Buyers of homes in projects that are under construction, especially those that are delayed, might be in for some cheer as builders may speed up work to avoid stringent provisions of the new real estate regulatory bill.
The bill, which seeks to protect the rights of home buyers, mandates registration of projects, including those that have not got completion or occupancy certificates.
Registration will require builders to set aside funds collected from buyers and pay interest in case of delays. Experts said registration of projects may still be some 15-18 months away, enough time for those that are currently 60-70% complete to finish. Of 17,000 projects under construction in the top 27 cities, 56% are at least 60% complete, according to property research firm Liases Foras.

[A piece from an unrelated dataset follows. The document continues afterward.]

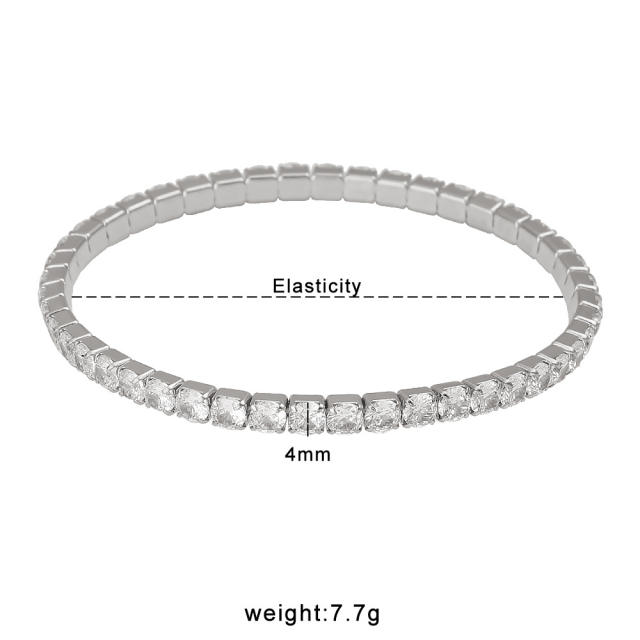 Elegant Single Row Elastic Full Diamond Bracelet Stainless Steel bracelet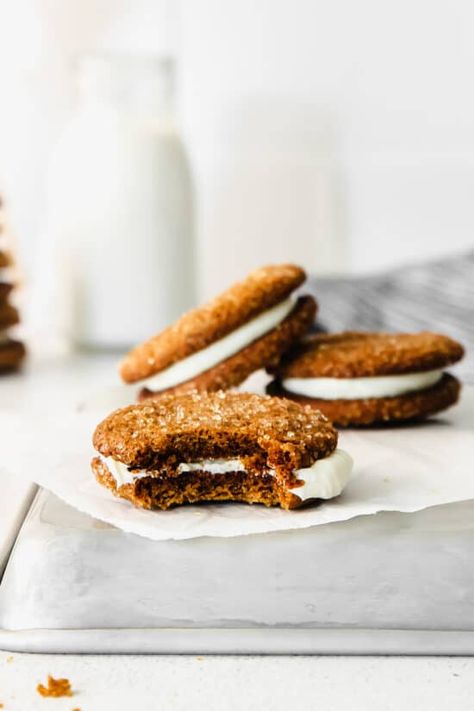 Carrot Cake Sandwich Cookies, Winter Baking Recipes, Cake Sandwich, Ginger Molasses, Winter Dessert Recipes, Fit Foodie Finds, Carrot Cake Cookies, Favorite Cookie Recipe, Fit Foodie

“The real estate bill would be an additional cause to finish construction quickly as registering existing projects might delay them further,” said Niranjan Hiranandani, managing director of Mumbai-based Hiranandani group. “Builders will want to use this time to complete projects so that they have less regulation.”

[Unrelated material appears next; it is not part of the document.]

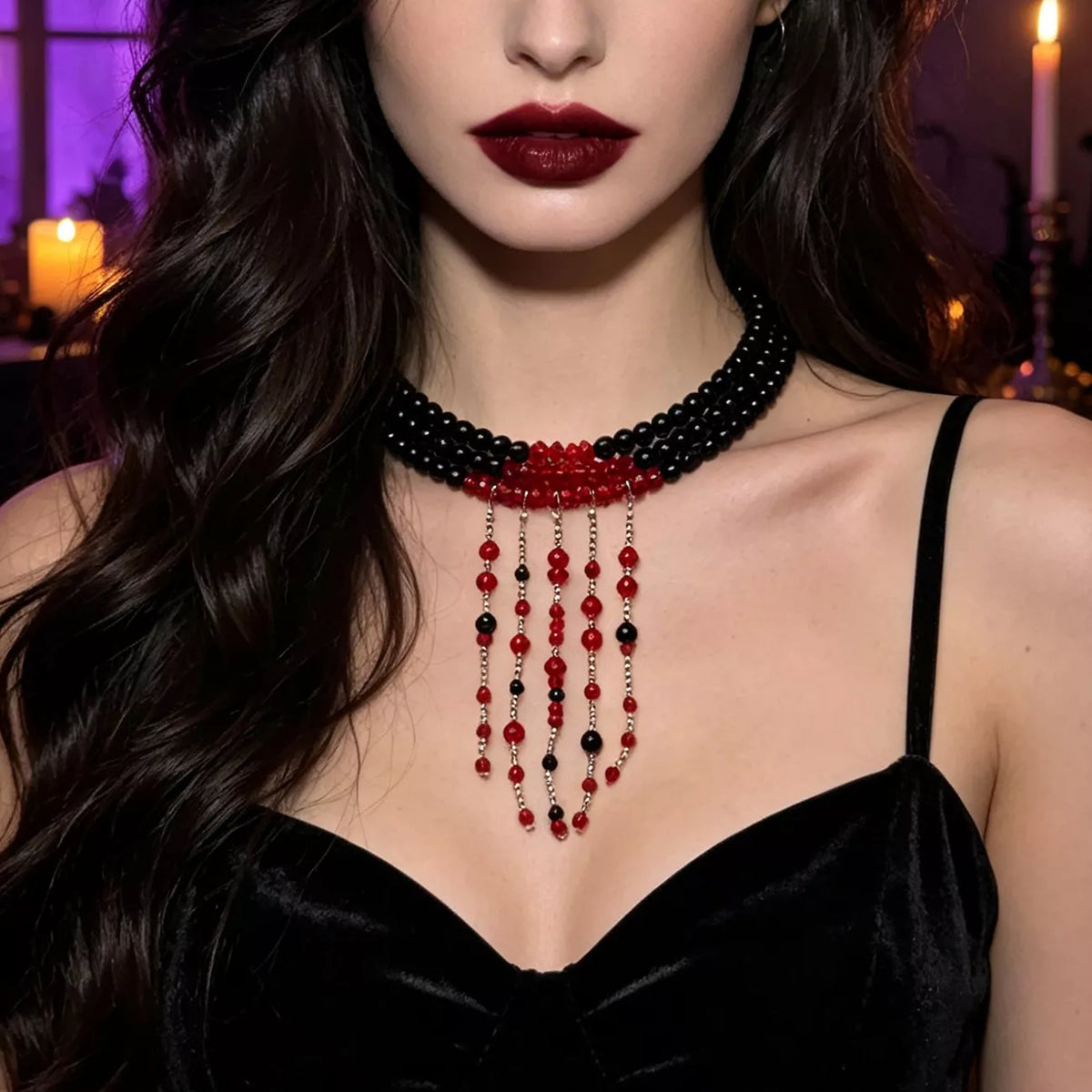 Gothic Multi-Layered Beaded Necklace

The Real Estate (Regulation and Development) Bill has been passed by both houses of parliament and once it receives the assent of the President, the section dealing with setting up of the regulatory authorities in the states within one year will be notified first.

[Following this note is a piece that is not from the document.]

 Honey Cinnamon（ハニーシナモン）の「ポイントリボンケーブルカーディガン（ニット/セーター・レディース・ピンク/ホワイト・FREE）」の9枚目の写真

Once the authorities are in place, sections related to the registration of real estate projects and real estate agents and the functions and duties of promoters will be notified. Completion of projects will depend on many factors, including lining up financing.
Shiv Priya, executive director at Amrapali Group, which has many projects across the country that are 60-70% complete, says it will try to speed up construction to keep put of the ambit of the bill. When projects under construction register with the regulator, they need to follow the same rules as new projects.
Builders have to deposit 70% of the amount collected from buyers in a separate account to cover the cost of construction, including land. Developers will also have to pay the same interest rate for any delays on their part as buyers do when their payments to the builder are late, among other provisions.
Getamber Anand, national president of the Confederation of Real Estate Developers Associations of India, said the desire of developers will be to complete existing projects in the window available to them.
Anand said 15-18 months is adequate to finish projects that are about 60% complete, provided everything else falls into place, notably completion certificates and other post-completion approvals that local authorities have to provide but usually get delayed.
If the pace of construction picks up, it could revive demand for building materials such as cement and steel, pushing economic growth, said Pankaj Kapoor, managing director of Liases Foras.
Kapoor cautions that a lot will depend on how builders manage to finance their projects, considering that many of them have been strapped for cash for some time.